■ **TASK INSTRUCTIONS**
Using the records below, quote only the span that opens with the line containing "winged demonic figure." and closes with the line containing "B mit Monogramm", exactly and inclusively.

Segment Start: RECORDS SHOWN

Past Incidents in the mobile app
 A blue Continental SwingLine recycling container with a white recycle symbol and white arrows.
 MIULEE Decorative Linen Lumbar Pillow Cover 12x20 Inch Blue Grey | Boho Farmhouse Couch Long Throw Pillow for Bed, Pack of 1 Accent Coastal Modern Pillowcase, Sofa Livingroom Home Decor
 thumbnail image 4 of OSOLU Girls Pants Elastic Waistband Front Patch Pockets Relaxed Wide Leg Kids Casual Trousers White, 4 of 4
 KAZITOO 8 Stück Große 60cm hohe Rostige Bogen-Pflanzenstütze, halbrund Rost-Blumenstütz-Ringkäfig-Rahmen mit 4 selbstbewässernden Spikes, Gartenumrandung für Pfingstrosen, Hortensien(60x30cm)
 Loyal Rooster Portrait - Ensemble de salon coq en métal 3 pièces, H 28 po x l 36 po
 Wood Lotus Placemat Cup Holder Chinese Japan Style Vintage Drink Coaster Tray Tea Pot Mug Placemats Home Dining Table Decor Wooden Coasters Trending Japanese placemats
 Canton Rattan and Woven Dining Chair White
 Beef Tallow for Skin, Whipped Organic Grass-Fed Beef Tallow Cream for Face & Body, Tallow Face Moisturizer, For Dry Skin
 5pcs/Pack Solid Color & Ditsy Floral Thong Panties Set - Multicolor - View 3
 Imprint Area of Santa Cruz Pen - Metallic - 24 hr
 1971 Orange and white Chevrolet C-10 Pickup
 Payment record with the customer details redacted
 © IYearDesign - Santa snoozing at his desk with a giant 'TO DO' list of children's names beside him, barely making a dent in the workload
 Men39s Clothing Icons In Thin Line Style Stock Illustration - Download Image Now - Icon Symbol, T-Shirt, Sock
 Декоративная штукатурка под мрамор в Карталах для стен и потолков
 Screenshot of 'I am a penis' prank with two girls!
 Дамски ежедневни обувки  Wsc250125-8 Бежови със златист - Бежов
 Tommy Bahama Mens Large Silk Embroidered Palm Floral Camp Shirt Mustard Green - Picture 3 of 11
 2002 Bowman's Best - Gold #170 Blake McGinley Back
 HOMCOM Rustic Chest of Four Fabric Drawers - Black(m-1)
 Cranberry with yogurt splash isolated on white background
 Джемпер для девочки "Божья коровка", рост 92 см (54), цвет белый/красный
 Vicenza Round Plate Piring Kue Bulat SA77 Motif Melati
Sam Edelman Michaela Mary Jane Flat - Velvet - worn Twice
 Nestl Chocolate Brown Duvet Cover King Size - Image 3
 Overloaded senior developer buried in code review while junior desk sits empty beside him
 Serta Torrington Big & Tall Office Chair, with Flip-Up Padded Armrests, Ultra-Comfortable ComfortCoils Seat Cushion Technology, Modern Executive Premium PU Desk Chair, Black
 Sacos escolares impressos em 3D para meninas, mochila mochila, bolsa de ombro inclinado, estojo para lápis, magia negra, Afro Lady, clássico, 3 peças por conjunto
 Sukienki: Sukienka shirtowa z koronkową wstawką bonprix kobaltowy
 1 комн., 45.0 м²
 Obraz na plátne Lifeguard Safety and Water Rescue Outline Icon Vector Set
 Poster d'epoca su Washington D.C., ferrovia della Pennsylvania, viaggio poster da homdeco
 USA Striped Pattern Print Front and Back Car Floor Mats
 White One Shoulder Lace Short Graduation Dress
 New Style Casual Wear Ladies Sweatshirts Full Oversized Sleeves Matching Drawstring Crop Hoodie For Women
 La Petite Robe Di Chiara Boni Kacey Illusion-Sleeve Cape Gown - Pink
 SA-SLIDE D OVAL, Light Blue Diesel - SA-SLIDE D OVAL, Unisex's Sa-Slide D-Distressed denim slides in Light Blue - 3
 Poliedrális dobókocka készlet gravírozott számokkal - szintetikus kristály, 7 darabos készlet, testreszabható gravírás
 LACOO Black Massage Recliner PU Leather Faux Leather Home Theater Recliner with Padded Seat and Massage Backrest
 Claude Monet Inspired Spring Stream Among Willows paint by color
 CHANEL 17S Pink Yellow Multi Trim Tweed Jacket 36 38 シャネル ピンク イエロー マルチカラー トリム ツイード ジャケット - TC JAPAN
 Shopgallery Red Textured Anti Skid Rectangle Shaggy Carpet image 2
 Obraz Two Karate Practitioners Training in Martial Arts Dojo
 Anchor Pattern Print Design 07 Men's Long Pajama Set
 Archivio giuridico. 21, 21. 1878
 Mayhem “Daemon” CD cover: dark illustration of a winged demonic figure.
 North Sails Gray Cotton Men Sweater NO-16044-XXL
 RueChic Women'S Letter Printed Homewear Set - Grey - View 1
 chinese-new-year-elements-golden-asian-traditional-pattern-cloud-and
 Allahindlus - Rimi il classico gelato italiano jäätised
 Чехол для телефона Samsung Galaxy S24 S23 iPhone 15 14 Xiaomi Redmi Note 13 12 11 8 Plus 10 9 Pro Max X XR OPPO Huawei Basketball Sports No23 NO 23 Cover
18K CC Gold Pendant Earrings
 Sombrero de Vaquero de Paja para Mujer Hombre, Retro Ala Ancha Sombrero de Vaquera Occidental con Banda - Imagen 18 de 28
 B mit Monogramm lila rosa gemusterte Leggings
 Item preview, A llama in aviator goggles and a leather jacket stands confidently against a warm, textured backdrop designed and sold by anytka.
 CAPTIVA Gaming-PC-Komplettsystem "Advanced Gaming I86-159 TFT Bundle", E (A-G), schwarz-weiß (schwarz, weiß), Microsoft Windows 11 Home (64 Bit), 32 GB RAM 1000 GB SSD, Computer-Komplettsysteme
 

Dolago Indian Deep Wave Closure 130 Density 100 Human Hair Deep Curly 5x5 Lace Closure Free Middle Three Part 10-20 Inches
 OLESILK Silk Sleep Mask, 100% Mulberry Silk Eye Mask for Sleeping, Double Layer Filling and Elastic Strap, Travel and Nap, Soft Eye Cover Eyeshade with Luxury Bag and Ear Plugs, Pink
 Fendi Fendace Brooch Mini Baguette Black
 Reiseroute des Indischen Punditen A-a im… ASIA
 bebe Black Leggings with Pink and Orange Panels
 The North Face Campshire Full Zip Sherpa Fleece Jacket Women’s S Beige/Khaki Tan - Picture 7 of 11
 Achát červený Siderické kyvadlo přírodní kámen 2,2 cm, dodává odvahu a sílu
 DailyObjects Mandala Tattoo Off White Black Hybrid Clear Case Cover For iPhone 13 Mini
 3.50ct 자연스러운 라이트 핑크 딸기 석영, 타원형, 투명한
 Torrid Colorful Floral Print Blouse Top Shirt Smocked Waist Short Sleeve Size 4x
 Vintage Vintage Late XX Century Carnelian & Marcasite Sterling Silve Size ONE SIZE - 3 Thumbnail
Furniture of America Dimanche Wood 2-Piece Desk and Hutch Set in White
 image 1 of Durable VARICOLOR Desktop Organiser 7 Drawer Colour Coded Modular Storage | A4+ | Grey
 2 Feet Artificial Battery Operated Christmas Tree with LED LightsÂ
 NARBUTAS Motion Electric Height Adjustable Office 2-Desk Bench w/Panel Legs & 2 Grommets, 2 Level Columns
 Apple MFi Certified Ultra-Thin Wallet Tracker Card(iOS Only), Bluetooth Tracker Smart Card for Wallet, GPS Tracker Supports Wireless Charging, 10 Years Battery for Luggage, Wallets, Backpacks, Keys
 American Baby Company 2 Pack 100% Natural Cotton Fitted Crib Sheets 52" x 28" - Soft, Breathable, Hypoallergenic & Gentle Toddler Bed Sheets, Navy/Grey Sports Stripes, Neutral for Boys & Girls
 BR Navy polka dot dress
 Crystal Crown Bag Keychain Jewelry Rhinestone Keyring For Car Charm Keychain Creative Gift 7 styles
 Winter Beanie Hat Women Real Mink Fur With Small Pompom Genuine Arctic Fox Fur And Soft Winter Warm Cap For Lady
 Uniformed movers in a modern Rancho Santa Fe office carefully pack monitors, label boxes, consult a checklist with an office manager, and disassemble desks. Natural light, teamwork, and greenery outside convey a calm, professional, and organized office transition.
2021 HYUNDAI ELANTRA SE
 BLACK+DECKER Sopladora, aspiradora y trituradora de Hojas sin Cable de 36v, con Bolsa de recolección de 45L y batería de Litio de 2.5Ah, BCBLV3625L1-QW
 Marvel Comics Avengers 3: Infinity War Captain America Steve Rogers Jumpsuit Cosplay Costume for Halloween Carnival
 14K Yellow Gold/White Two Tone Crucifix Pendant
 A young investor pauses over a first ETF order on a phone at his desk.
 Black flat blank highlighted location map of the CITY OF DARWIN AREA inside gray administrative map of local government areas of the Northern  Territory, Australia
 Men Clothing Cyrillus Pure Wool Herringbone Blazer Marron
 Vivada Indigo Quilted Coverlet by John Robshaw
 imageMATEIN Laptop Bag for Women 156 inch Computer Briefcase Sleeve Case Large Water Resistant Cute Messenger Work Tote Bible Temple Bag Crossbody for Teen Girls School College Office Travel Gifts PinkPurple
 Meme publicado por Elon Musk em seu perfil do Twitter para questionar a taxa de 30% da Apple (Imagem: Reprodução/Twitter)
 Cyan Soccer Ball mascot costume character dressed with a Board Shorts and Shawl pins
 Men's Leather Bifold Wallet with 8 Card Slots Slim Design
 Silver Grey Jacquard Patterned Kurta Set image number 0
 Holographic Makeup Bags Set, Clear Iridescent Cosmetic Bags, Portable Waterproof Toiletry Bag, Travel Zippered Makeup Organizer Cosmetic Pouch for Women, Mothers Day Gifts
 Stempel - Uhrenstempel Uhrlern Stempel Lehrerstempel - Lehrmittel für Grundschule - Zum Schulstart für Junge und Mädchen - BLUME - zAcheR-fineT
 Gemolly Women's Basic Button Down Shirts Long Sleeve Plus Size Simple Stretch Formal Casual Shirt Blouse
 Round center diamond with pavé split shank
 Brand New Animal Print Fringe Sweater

Segment End: RECORDS SHOWN

■ **EXERCISE OUTPUT**
 Mayhem “Daemon” CD cover: dark illustration of a winged demonic figure.
 North Sails Gray Cotton Men Sweater NO-16044-XXL
 RueChic Women'S Letter Printed Homewear Set - Grey - View 1
 chinese-new-year-elements-golden-asian-traditional-pattern-cloud-and
 Allahindlus - Rimi il classico gelato italiano jäätised
 Чехол для телефона Samsung Galaxy S24 S23 iPhone 15 14 Xiaomi Redmi Note 13 12 11 8 Plus 10 9 Pro Max X XR OPPO Huawei Basketball Sports No23 NO 23 Cover
18K CC Gold Pendant Earrings
 Sombrero de Vaquero de Paja para Mujer Hombre, Retro Ala Ancha Sombrero de Vaquera Occidental con Banda - Imagen 18 de 28
 B mit Monogramm lila rosa gemusterte Leggings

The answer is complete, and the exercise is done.